人類はその進化の初めから「死」を意識し、死後自分がどうなるのかについて不安を抱えながら生きてきた。その心配にひとつの答えを示してきたのが宗教である。キリスト教では天国で永遠の命を得る、と教えられてきた。ではその天国にはみんなが行けるのかというと、そこに境界線が引かれる。最後の審判によって永遠の命に至る者と永遠の裁きを受ける者とに分けられる…というのである。

永遠の命を得たければ、生前しっかりと信仰に励め、と教えられた。特に迫害の時代には、このような終末論が人々の信仰を支えた。その意義は十分わかるが、「滅びの宣告を受けたくなければキリスト教を信じろ」といった、脅しによる宣教方法には大きな疑問を感じる。
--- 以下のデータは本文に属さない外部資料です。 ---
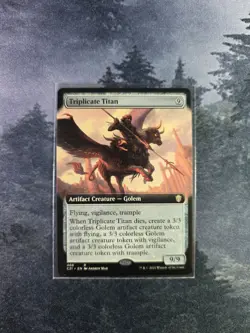 Triplicate Titan (Extended Art) Commander 2021 Regular - Image 1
イエスが永遠の命について語り、教えられる場面である。21-24節の記述には、先ほどの「最後の審判」の考え方が反映されている。ヨハネ福音書執筆の時期は、ローマ帝国による初代教会への迫害が始まった時代である。人々の終末信仰への思いが、この箇所に反映されているのかも知れない。

ただ、ひとつ気になる言葉がある。「自分の内に命を持つ」(26節)。この言葉には、永遠の命とは「死後のもの」というよりは、今この時に持つもの、というニュアンスを感じる。そのようなニュアンスを覚えながら25節を読むと、また違った意味合いが浮かび上がってくるように思う。

イエスは確かに永遠の命について語り、人々に「それを得なさい」と教えられた。しかしイエスが言われたのは「死後、永遠の命に至る座席指定券を手に入れるために、今この時の信仰に励め」ということだったのだろうか?そうではなく、むしろ今この時に永遠の命に出会い、それを手に入れなさい、ということではなかったかと思う。それは「死後の世界・将来への約束」といった時間軸におけるものではなく、今この時に生きることの意味・喜びに出会えた、その一瞬の「輝き」のことではないだろうか。

ドロテー・ゼレは「人はパンのみで生きるのではない。パンのみによる生は死を意味する」と語った。パン(自分の利益・必要物)だけを求め、他の関係性は「必要ない」といって切り捨てる生き方は、生物としては生きていても、人間としては死んでいる、という警告である。そのような「生きながらにして死んでいる人々」に対して、本当に生きるとはどういうことかを教えられたのがイエス・キリストだ。

「永遠の命を得る」と言っても、何か特別なことをすることは必要ない。人間同士のささやかな関わりの中で、愛をもって仕え合う。そこに永遠の命に至る輝きがある。そしてそこに向かえる心を持っている限り、「お前はもう死んでいる」(by ケンシロウ)のではない、「お前はまだ生きている」、イエスはそう言って私たちひとりひとりを招かれるのだ。招きに応え「いま・この時」に永遠の命に出会おう。